Il primato di “Famiglia nel bosco” è insidiato da serie mediatiche più noir e da altre più tragiche, “L’incendio di Crans-Montana”, “Il calvario cardiologico del piccolo Domenico”, “Il far west di Rogoredo”, settimane di programmazione, mesi di programmazione.
Non vorrei sembrarvi cinico, credo che sia vero il contrario: è proprio perché si avverte la tragedia, si misura il dolore, si capisce lo scandalo, si partecipa al lutto, che viene voglia di spegnere il televisore, e passare oltre quando si naviga in rete, e girare pagina se si legge un giornale.
La morte è una cosa seria, il dolore è una cosa seria, la loro trasformazione in show — spesso con le stesse immagini di repertorio ripetute fino allo sfinimento, fino al disgusto — è una forma di banalizzazione, di sterilizzazione, è sangue imbottigliato per la grande distribuzione, come le bibite nei distributori.
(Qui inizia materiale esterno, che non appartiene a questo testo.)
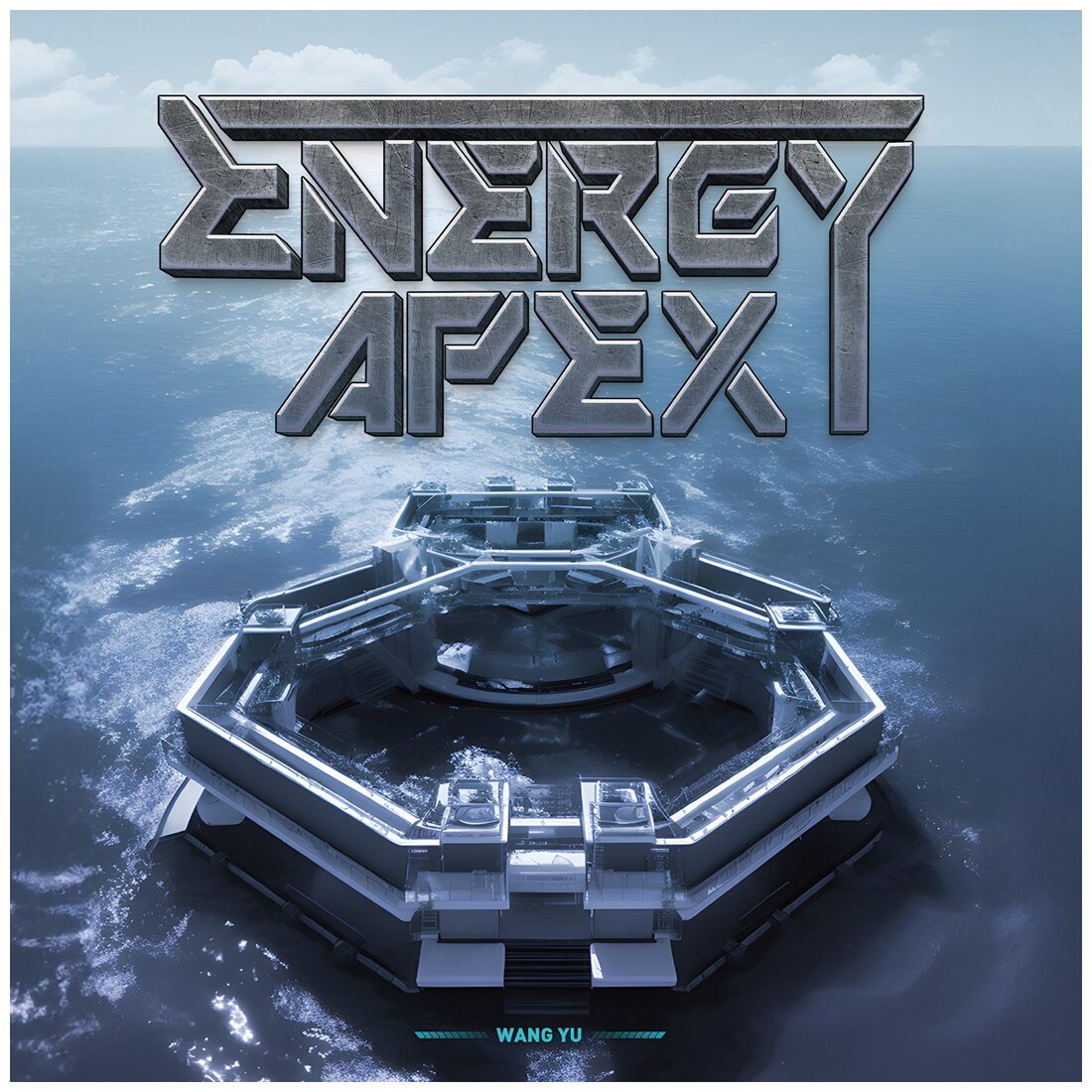 Energy Apex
In Francia, sull’uso mediatico di Crans-Montana, c’è stato un dibattito severo, non ho l’impressione che da noi sia avvenuto altrettanto. Forse la vocazione nazionale per il melodrammatico, per il patetico, impedisce una più razionale valutazione. Lo show del dolore piace. Commuove. Indigna. Così come si applaude ai funerali, si applaude ai telegiornali che mostrano, per l’ennesima volta, le fiamme sprigionarsi, e i feretri avviarsi verso un esito mai definitivo: va comunque prorogato per ragioni di audience.